Euro/US Dollar Fundamentals: Focus on Powell's Congressional Testimony and US Nonfarm Payrolls Report

Last Thursday (March 2nd), the Eurozone's February CPI data showed that inflation pressures remain high, and the market has fully priced in a 50 basis point interest rate hike by the ECB in mid-March. The ECB's three key rates are currently: deposit facility rate (2.50%), marginal lending facility rate (3.25%), and the main refinancing operations rate (3.0%).

With core inflation in the Eurozone continuing to rise and the ECB continuing to tighten monetary policy, some analysts believe that rates will reach 4.0% by the end of Q2 or early Q3. Although the Eurozone's Q4 2022 GDP growth rate was almost negligible at 0.1%, this has not hindered the ECB from making controlling inflation its top priority.

There are two major risk events to watch this week: first, Federal Reserve Chairman Powell will deliver semi-annual monetary policy reports testimony to the Senate on Tuesday (March 7th) and to the House of Representatives on Wednesday (March 8th); and second, the US nonfarm payrolls report for February will be released on Friday (March 10th).

Powell may reiterate that the Fed's rate hike path will still depend on the specific data and that continuing to raise rates is appropriate. Since the release of January's nonfarm payrolls report, the market's expectations for a Fed rate hike have continued to rise, driving a strong rebound in the US dollar. This data release may again expose the dollar to high volatility.

Euro/US Dollar Technical Analysis: Short-Term Direction is Not Clear

On the daily chart, the Euro/US Dollar is stuck in a range above 1.0600, with direct support and resistance likely to be around 1.0535 and 1.0700, respectively. The short-term direction is not clear, and future trends may depend on this week's major events and next week's ECB interest rate decision.

IG Client Sentiment Index: Likely to Soon Turn to an Uptrend

Euro/US Dollar: According to IG client sentiment data, 53.71% of traders are net long, and the ratio of long to short traders is 1.16:1. The number of net long traders decreased by 11.27% compared to yesterday and by 14.21% compared to last week, while the number of net short traders increased by 13.23% compared to yesterday and by 26.38% compared to last week.

In general, crowd sentiment tends to be a contrarian indicator, and currently, net long positions imply that the Euro/US Dollar may decline. However, the number of net long traders has decreased compared to yesterday and last week, and combined with recent sentiment changes, the Euro/US Dollar is likely to turn to an uptrend.

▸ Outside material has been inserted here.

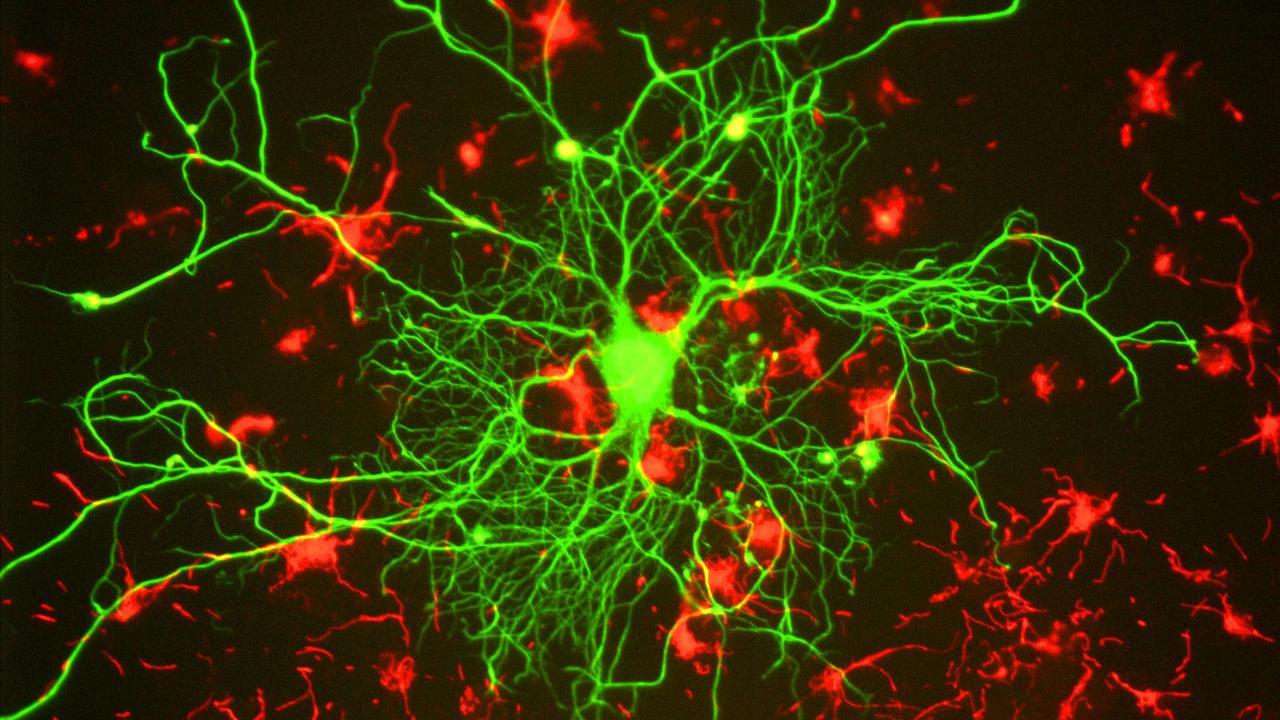 Researchers hope to gain a better visual perspective of the molecular mechanisms of the brain's continual rearrangement of neuronal connections, known collectively as brain plasticity. Gerry Shaw Researchers hope to gain a better visual perspective of the molecular mechanisms of the brain's continual rearrangement of neuronal connections, known collectively as brain plasticity. Gerry Shaw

Operationally speaking, although there appears to be a bearish sentiment in the market, it is often the case that the market takes a contrarian approach, providing support at key levels. In this situation, it may be advisable to enter the market with a small long position, as this goes against the prevailing sentiment. Because this is a contrarian strategy, it is not necessary to take a large position.